Change in open public records access comes at too high a cost, Munoz says

Assemblywoman Nancy Munoz

TRENTON, N.J. – Assemblywoman Nancy Munoz stands with government transparency advocates in opposing the majority party’s latest power grab, the dismantling of New Jersey’s open public records act.

The fast-tracked legislation (S2930/A4045), introduced in March by Democrats but pulled from consideration for retooling after near-unanimous public outcry, was amended and released from its respective legislative Appropriations committees this week. The bill is up for a vote Monday.

“We are a government of the people, by the people, for the people. This legislation upends that,” Munoz (R-Union) said. “A representative republic cannot survive under this shroud of secrecy Democrats are building.”

Advocates claim the current law burdens records custodians – especially municipal governments and law enforcement agencies – by taking employees away from day-to-day operations to instead fulfill, or deny, OPRA requests. Critics of the amended bill counter that the changes will make it more difficult for the public to access government records.
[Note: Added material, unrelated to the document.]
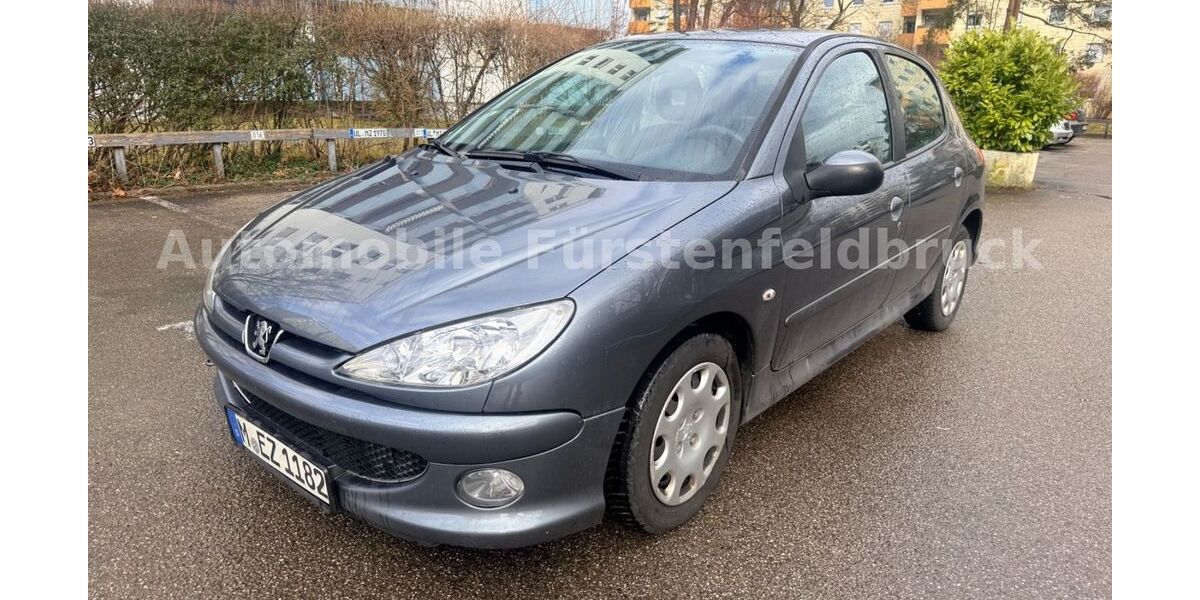 Peugeot 206 246.000 km 690 &euro; Fürstenfeldbruck 82256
For instance, requests for emails will have to identify the specific staffer and the information and time frame those emails were sent, details most requesters do not have access to. Another provision will allow agencies to sue people whose requests substantially impair operations, and even grant judges the power to ban people from seeking public records. Custodians will be permitted to charge more for records and shift the burden of disputing and proving actual production costs to the public. Requesters who end up in court will no longer be awarded attorney’s fees. Those who make anonymous OPRA requests will be forced to waive their right to appeal denials.

However, the ban on data mining, one of the supposed motivating factors for revamping access to public records, was removed in the bill’s amended language.

Munoz, who will miss Monday’s vote due to a prior family commitment, says trust in public institutions is already at an all-time low. This legislation creates a further and widening divide between the government and the people it is supposed to represent and serve.

“I cannot in good conscience support this bill, and neither do 81% of New Jerseyans,” Munoz said. “There was an outcry when the governor and this Democrat-controlled legislature gutted ELEC. There is understandable outrage now over this bill, which solves no alleged problems while creating new ones. We are witnessing an attack on the democratic process piece by piece.”